Şiir ve Gelenek

ŞİİR ve GELENEK

Gelenek Nedir?
♦ Türkçe Sözlükle “gelenek” şöyle tanımlanıyor: “Bir toplumda, bir toplulukta eskiden kalmış olmaları dolayısıyla saygın tutulup kuşaktan kuşağa iletilen, yaptırım gücü olan kültürel kalıntılar, alışkanlıklar, bilgi, töre ve davranışlar, anane.”

Gelenek ve Şiir
♦ Farklı alanlarda çeşitli anlamlarla karşımıza çıkan “gelenek” sözcüğü, edebiyatta “önceki kuşaklardan miras kalan eserlerin genel özellikleri; sonrakilerce de benimsenerek sürdürülen tutum ve anlayış” anlamında kullanılmıştır. Şiirde de gelenek dendiğinde genel olarak “şiirin üretilme sürecinde şairi yönlendiren ilke ve kurallar bütünü, şairin benimsediği, bağlı kaldığı zevk ve anlayış” anlamı öne çıkmıştır.

♦ Geleneğin oluşmasında en önemli etkenlerden biri kuşkusuz, sosyal ve kültürel ortamdır. Şiir, içinde doğduğu sosyal ve kültürel ortamın etkilerini taşır. Tarih içinde bir toplumsal yapı bir sonrakine eklemlenirken sosyal ve kültürel yapıdaki değişim süreci sanatta ve şiirde de yaşanır. Bu değişim süreci şiir geleneğini zenginleştirirken geleneğin içinde birtakım kolların oluşmasına da yol açar.

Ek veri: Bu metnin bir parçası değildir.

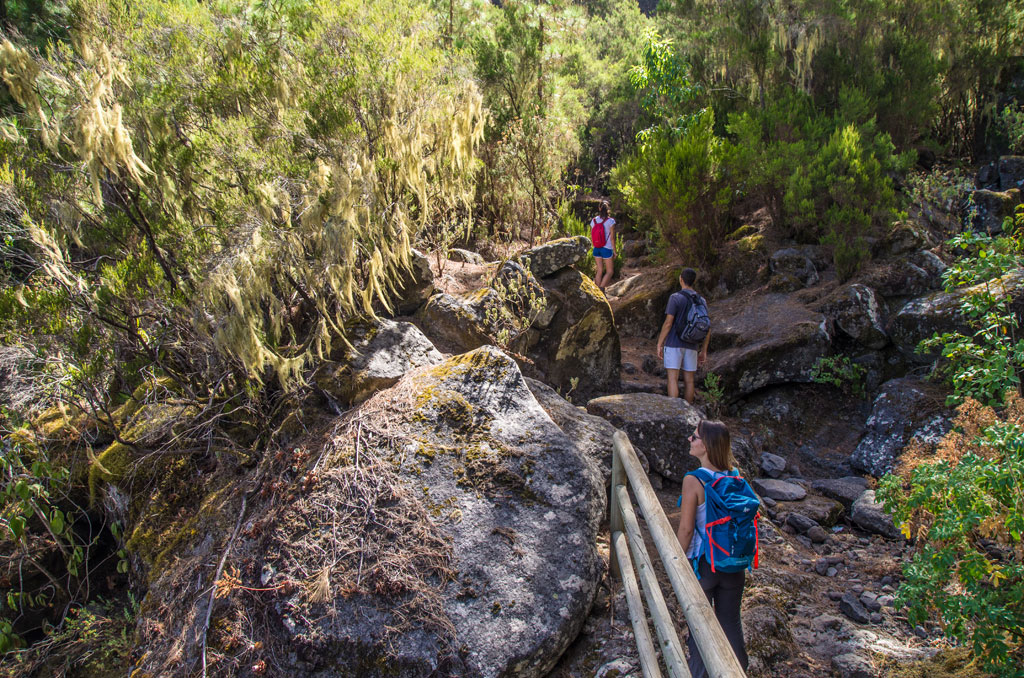 Sendero en el bosque de Tenerife con personas caminando entre árboles y rocas.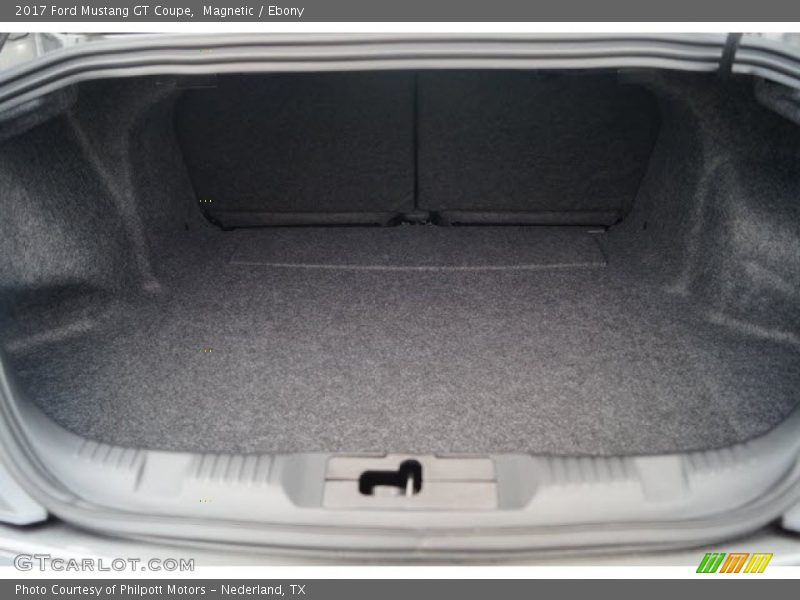 Magnetic / Ebony 2017 Ford Mustang GT Coupe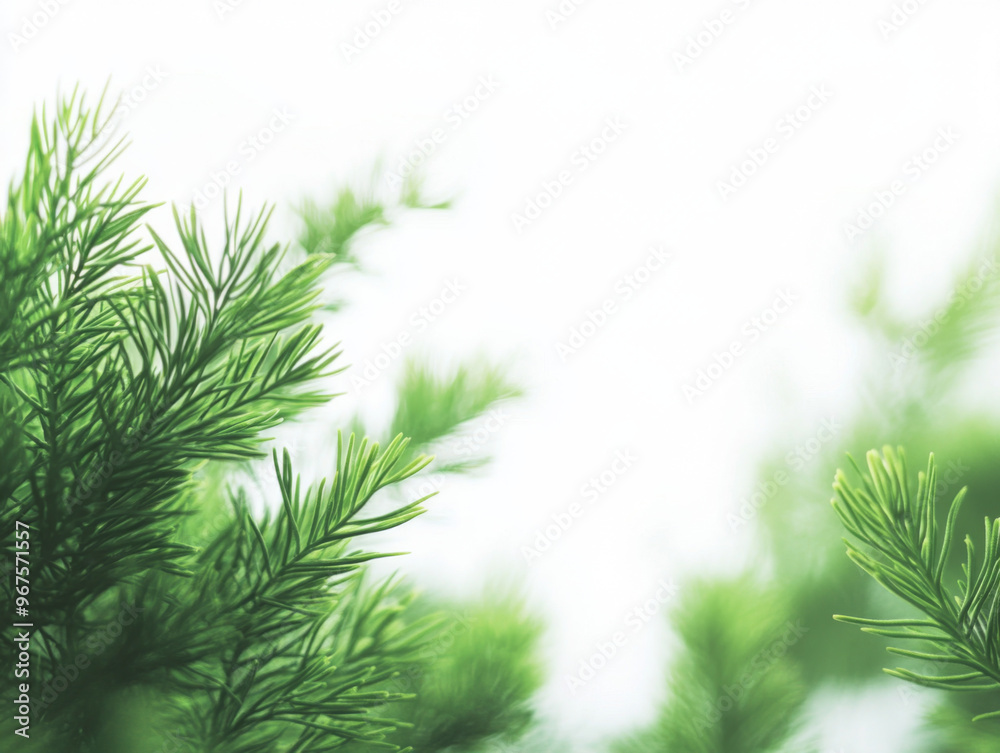 Fototapeta premium Snowy Pine Tree Branches in a Winter Landscape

Türk Edebiyatında Şiir Geleneği
♦ Her dilin kendine ait bir şiir geleneği vardır ve bu gelenek, edebiyatın tarih içindeki gelişim süreci içinde oluşur. Türk edebiyatında da şiir geleneği, Türk edebiyatı tarihi içindeki dönemlere paralel bir gelişme izlemiştir. Buna göre, Türk edebiyatında şiir geleneğinin oluşum süreci Türklerin İslamiyeti kabul etmelerinden önceki dönemde başlar. İslam uygarlığı çevresinde halk şiiri ve divan şiiri olmak üzere iki büyük kola ayrılan bu gelenek, Batı uygarlığının etkisiyle serbest şiir, saf şiir, modern şiir gibi yeni halkaların
bünyesine eklenmesiyle günümüze ulaşır.

Şairin geçmişle olan ilişkisini açıklamak gerekirse şöyle denebilir: O, geçmişi ne şekilsiz bir birikim olarak alıp eserlerini onun üzerine oturtabilir, ne beğendiği birkaç yazarın eserlerini örnek kabul edebilir, ne de eserini tamamen tercih edilen bir tek devir üzerine inşa edebilir. Bu üç yoldan birincisi kabul edilemez, ikincisi önemli bir gençlik tecrübesi sayılabilir, üçüncüsü ise şairin sanatının gelişmesinde çok faydalı, memnuniyet verici bir gelişmedir. Sanatçının bilincinde olması gereken asıl şey, geçmişin en belli başlı eserlerinde, bazı değişikliklere uğrasa da esasta aynı kalan ve zamanımıza kadar akıp gelen ana çizgisidir.